XCOPY source [destination] [/A | /M] [/D[:date]] [/P] [/S [/E]] [/V] [/W] [/C] [/I] [/Q] [/F] [/L] [/G] [/H] [/R] [/T] [/U] [/K] [/N] [/O] [/X] [/Y] [/-Y] [/Z] [/EXCLUDE:file1[+file2][+file3]...]

source    Specifies the file(s) to copy.
destination        Specifies the location and/or name of new files.
/A   Copies only files with the archive attribute set, doesn't change the attribute.
/M   Copies only files with the archive attribute set, turns off the archive attribute.
/D:m-d-y  Copies files changed on or after the specified date.

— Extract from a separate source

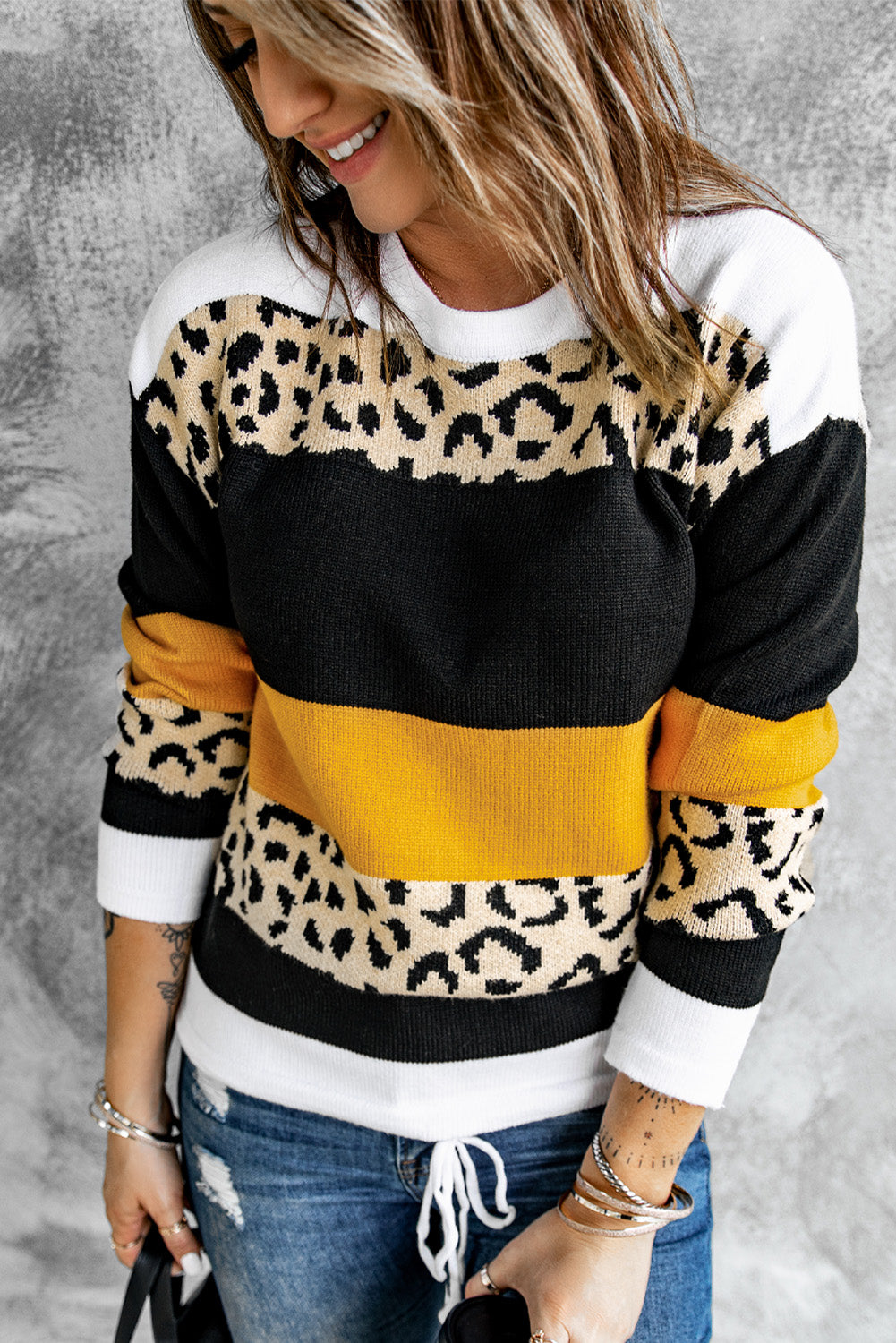 A stylish Crewneck Leopard Color Block Knit Pullover Sweater featuring a chic color block design and leopard pattern splicing, perfect for casual wear.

If no date is given, copies only those files whose source time is newer than the destination time.
/EXCLUDE:file1[+file2][+file3]... Specifies a list of files containing strings.  Each string should be in a separate line in the files.  When any of the strings match any part of the absolute path of the file to be copied, that file will be excluded from being copied.  For example, specifying a string like \obj\ or .obj will exclude all files underneath the directory obj or all files with the .obj extension respectively.
/P   Prompts you before creating each destination file.
/S   Copies directories and subdirectories except empty ones.
/E   Copies directories and subdirectories, including empty ones. Same as /S /E. May be used to modify /T.
/V   Verifies each new file.
/W   Prompts you to press a key before copying.
/C   Continues copying even if errors occur.
/I   If destination does not exist and copying more than one file, assumes that destination must be a directory.
/Q   Does not display file names while copying.
/F   Displays full source and destination file names while copying.
/L   Displays files that would be copied.
/G   Allows the copying of encrypted files to destination that does not support encryption.
/H   Copies hidden and system files also.
/R   Overwrites read-only files.
/T   Creates directory structure, but does not copy files. Does not include empty directories or subdirectories. /T /E includes empty directories and subdirectories.
/U   Copies only files that already exist in destination.
/K   Copies attributes. Normal Xcopy will reset read-only attributes.
/N   Copies using the generated short names.
/O   Copies file ownership and ACL information.
/X   Copies file audit settings (implies /O).
/Y   Suppresses prompting to confirm you want to overwrite an existing destination file.
/-Y  Causes prompting to confirm you want to overwrite an existing destination file.
/Z   Copies networked files in restartable mode.

The switch /Y may be preset in the COPYCMD environment variable.
This may be overridden with /-Y on the command line.